That would help narrow down the source of the error.

ganesh-gawande commented 2 years ago

Can you please confirm once the version you are using ? Or point out to URL to download latest version so that I will check again ?

roeap commented 2 years ago

i used the released version 0.5.7

ganesh-gawande commented 2 years ago

When I tried to install or upgrade new version - I am getting following errors. See the first line and last line. It start download of 0.5.7 - but at the last line - it installs 0.5.6. Any thoughts on this?

I have upgraded the pip as well to pip 21.3.1

Collecting deltalake Using cached deltalake-0.5.7.tar.gz (4.3 MB) Installing build dependencies ... done Getting requirements to build wheel ... done Preparing metadata (pyproject.toml) ... error ERROR: Command errored out with exit status 1: command: 'C:\Users\g.gawande\AppData\Local\Programs\Python\Python36\python.exe' 'C:\Users\g.gawande\AppData\Local\Programs\Python\Python36\lib\site-packages\pip_vendor\pep517\in_process_in_process.py' prepare_metadata_for_build_wheel 'C:\Users\G4071~1.GAW\AppData\Local\Temp\tmprw4bi353' cwd: C:\Users\G4071~1.GAW\AppData\Local\Temp\pip-install-0jujfpje\deltalake_4eba21a2f36d4e65952f26952f2d7b48
Complete output (6 lines):

Cargo, the Rust package manager, is not installed or is not on PATH. This package requires Rust and Cargo to compile extensions. Install it through the system's package manager or via https://rustup.rs/

Checking for Rust toolchain....

WARNING: Discarding https://files.pythonhosted.org/packages/4f/6c/fe7dafb8e4fed25e97652c1ab1bbd73ae4fb1f32881abc73e9dcaabe1167/deltalake-0.5.7.tar.gz#sha256=b14f7417f72fa363519e7080ed9c99f4fc31f93a8af8428fae2370f090297bc6 (from https://pypi.org/simple/deltalake/) (requires-python:>=3.6). Command errored out with exit status 1: 'C:\Users\g.gawande\AppData\Local\Programs\Python\Python36\python.exe' 'C:\Users\g.gawande\AppData\Local\Programs\Python\Python36\lib\site-packages\pip_vendor\pep517\in_process_in_process.py' prepare_metadata_for_build_wheel 'C:\Users\G4071~1.GAW\AppData\Local\Temp\tmprw4bi353' Check the logs for full command output. Using cached deltalake-0.5.6-cp36-abi3-win_amd64.whl (6.4 MB) Requirement already satisfied: pyarrow>=4 in c:\users\g.gawande\appdata\local\programs\python\python36\lib\site-packages (from deltalake) (6.0.1) Requirement already satisfied: dataclasses in c:\users\g.gawande\appdata\local\programs\python\python36\lib\site-packages (from deltalake) (0.8) Requirement already satisfied: numpy<1.20.0 in c:\users\g.gawande\appdata\local\programs\python\python36\lib\site-packages (from deltalake) (1.19.5) Installing collected packages: deltalake Successfully installed deltalake-0.5.6

roeap commented 2 years ago

seems like your system is choosing a source distribution in case of 0.5.7, while using a pre-compiled wheel in case of 0.5.6. As you seem to not have cargo (i.e. the rust toolchain) installed on your system its failing to build the package locally. As to why that is the case I am not sure, as I am no too familiar with how python (or pip) makes a choice which install mehtod / artifact to choose.

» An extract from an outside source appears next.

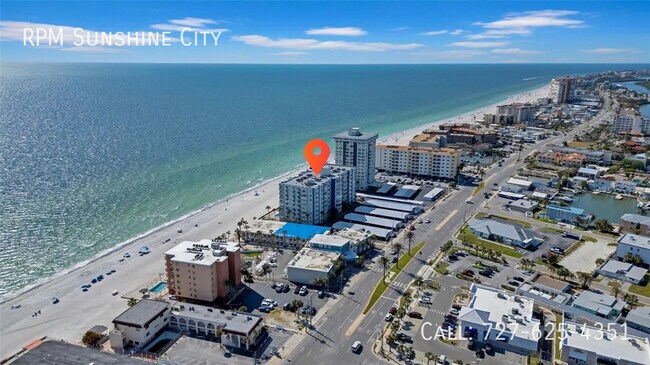 Building Photo - 17400 Gulf Blvd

roeap commented 2 years ago

@ganesh-gawande - i was able to dig into loading the table from python. Turns out it was #602 which also caused the issue, since the trailing slash gets truncated when we initialize the file system internally.

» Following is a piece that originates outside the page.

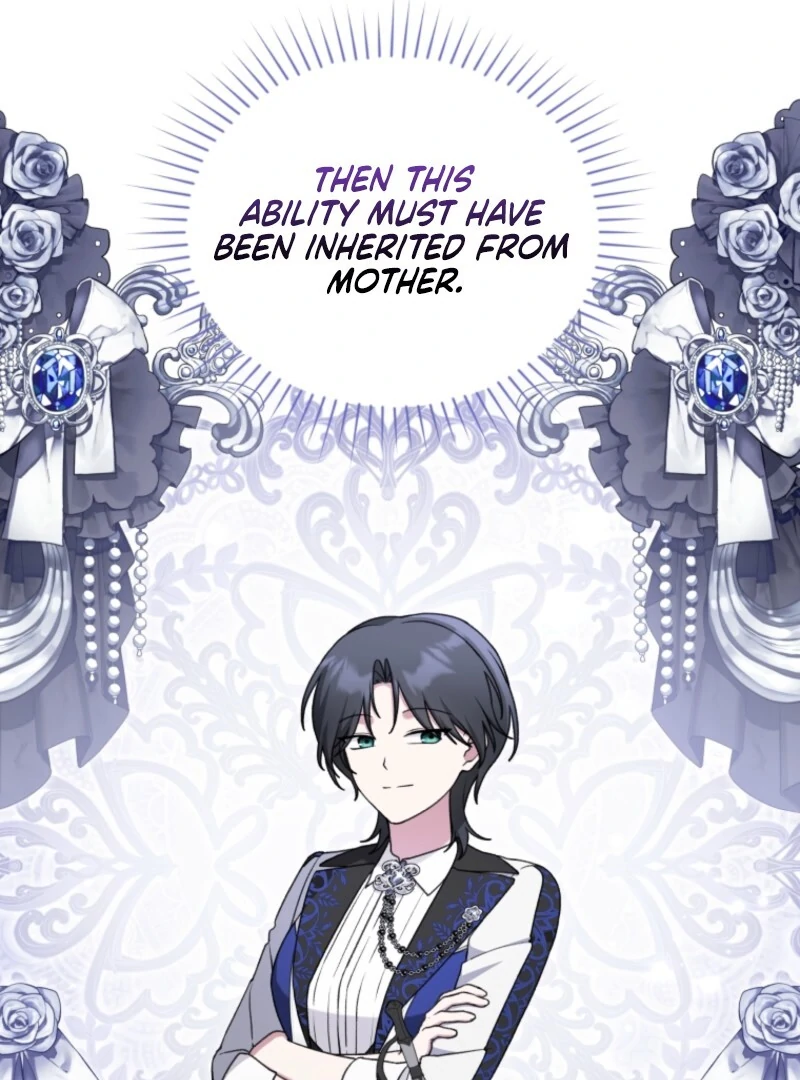 The Villain’s Daughter in law is Inherently Powerful Chapter 27 page 24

I was able to load the table using the following workaround.

from deltalake import DeltaTable
from deltalake.fs import DeltaStorageHandler
import pyarrow.fs as pa_fs

path = "adls2://{StorageAccountName}/{ContainerName}/"

table = DeltaTable(path)
filesystem = pa_fs.PyFileSystem(DeltaStorageHandler(path))

ds = table.to_pyarrow_dataset(filesystem=filesystem)
roeap commented 2 years ago

@ganesh-gawande is this still relevant, or did you manage to resolve this?

ganesh-gawande commented 2 years ago

@roeap

I am able to upgrade the release version to 0.5.7. (For that I need to upgrade my python version to 3.8.10 and then upgrade the pip and then I was able to upgrade it to 0.5.7).

Now After that - I am trying to use the code you have given in https://github.com/delta-io/delta-rs/issues/600#issuecomment-1125647640

I have created a new Delta Lake - at the root of the container - which has folder _delta_log and within that - 00000000000000000000.json file exists

Still I am getting the issue - Not a Delta table: No snapshot or version 0 found. Please find attached screenshot for the same.

image

ganesh-gawande commented 2 years ago

@roeap - Please do let me know if you need more information on this? I can share the code file and associated storage account keys with you offline if you want to check it once.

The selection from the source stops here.